A Gender Rights Activist working with the tribal and marginalized communities in india, Srilekha is a PhD scholar working on understanding body and sexuality among tribal girls, to fill the gaps in research around indigenous women and their stories. Srilekha has worked extensively at the grassroots level with community based organisations, through several advocacy initiatives around Gender, Mental Health, Menstrual Hygiene and Sexual and Reproductive Health Rights (SRHR) for the indigenous in Jharkhand, over the last 6 years.
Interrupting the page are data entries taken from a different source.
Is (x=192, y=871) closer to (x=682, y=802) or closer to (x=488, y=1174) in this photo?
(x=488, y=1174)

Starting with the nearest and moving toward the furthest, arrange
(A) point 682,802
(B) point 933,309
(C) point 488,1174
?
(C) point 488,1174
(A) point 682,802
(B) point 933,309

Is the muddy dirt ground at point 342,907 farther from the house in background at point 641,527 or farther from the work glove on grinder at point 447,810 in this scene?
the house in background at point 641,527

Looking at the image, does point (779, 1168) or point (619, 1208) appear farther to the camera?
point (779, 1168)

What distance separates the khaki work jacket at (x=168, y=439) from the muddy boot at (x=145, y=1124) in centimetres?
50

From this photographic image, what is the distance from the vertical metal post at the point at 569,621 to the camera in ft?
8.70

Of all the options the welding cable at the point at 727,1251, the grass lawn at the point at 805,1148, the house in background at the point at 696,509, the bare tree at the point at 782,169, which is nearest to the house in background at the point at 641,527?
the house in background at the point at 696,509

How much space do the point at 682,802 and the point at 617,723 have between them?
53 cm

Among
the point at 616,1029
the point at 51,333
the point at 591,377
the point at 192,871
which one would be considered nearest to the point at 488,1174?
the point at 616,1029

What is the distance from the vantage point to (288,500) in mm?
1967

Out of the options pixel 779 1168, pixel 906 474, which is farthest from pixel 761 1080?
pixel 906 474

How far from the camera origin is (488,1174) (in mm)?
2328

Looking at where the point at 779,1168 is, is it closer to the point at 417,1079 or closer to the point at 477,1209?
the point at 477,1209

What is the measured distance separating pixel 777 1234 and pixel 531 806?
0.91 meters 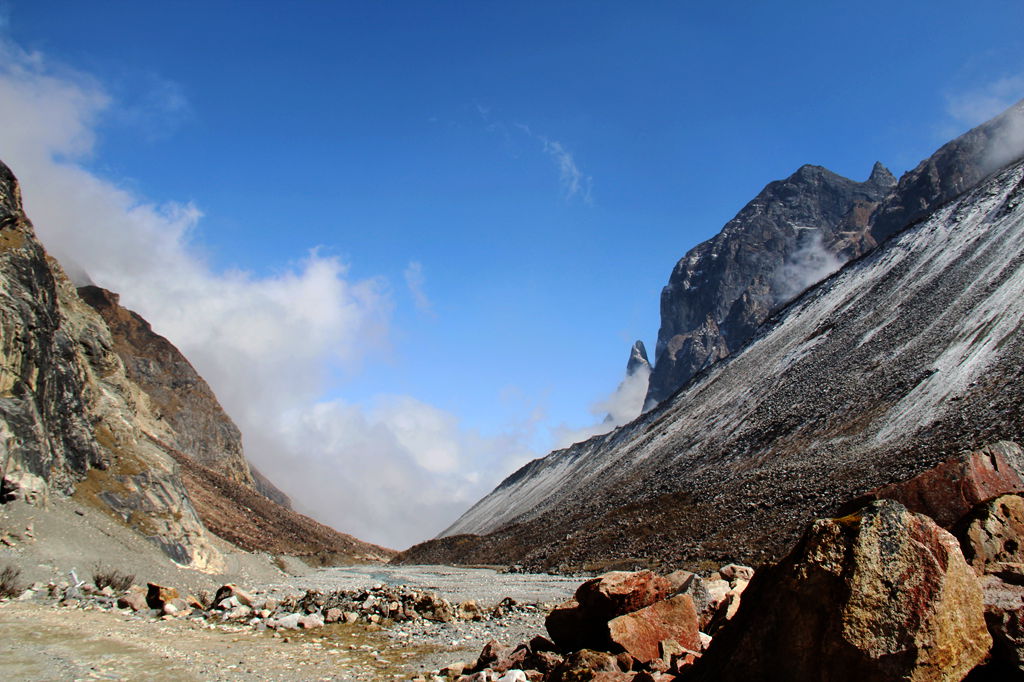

Srilekha has also contributed to sustainable livelihood projects and legal aid programs for survivors of sex trafficking. She has been conducting research based programs on maternal health, mental health, gender based violence, sex and sexuality. Her interest lies in conducting workshops for young people on life skills, feminism, gender and sexuality, trauma, resilience and interpersonal relationships.

A Guwahati-based college student pursuing her Masters in Tata Institute of Social Sciences, Bidisha started the #BleedwithDignity campaign on the technology platform Change.org, demanding that the Government of Assam install
biodegradable sanitary pad vending machines in all government schools across the state. Her petition on Change.org has already gathered support from over 90000 people and continues to grow.

Bidisha was selected in Change.org’s flagship program ‘She Creates Change’ having run successful online advocacy
campaigns, which were widely recognised. Through the #BleedwithDignity campaign; she organised and celebrated World Menstrual Hygiene Day, 2019 in Guwahati, Assam by hosting a wall mural by collaborating with local organisations. The initiative was widely covered by national and local media, and the mural was later inaugurated by the event’s chief guest Commissioner of Guwahati Municipal Corporation (GMC) Debeswar Malakar, IAS.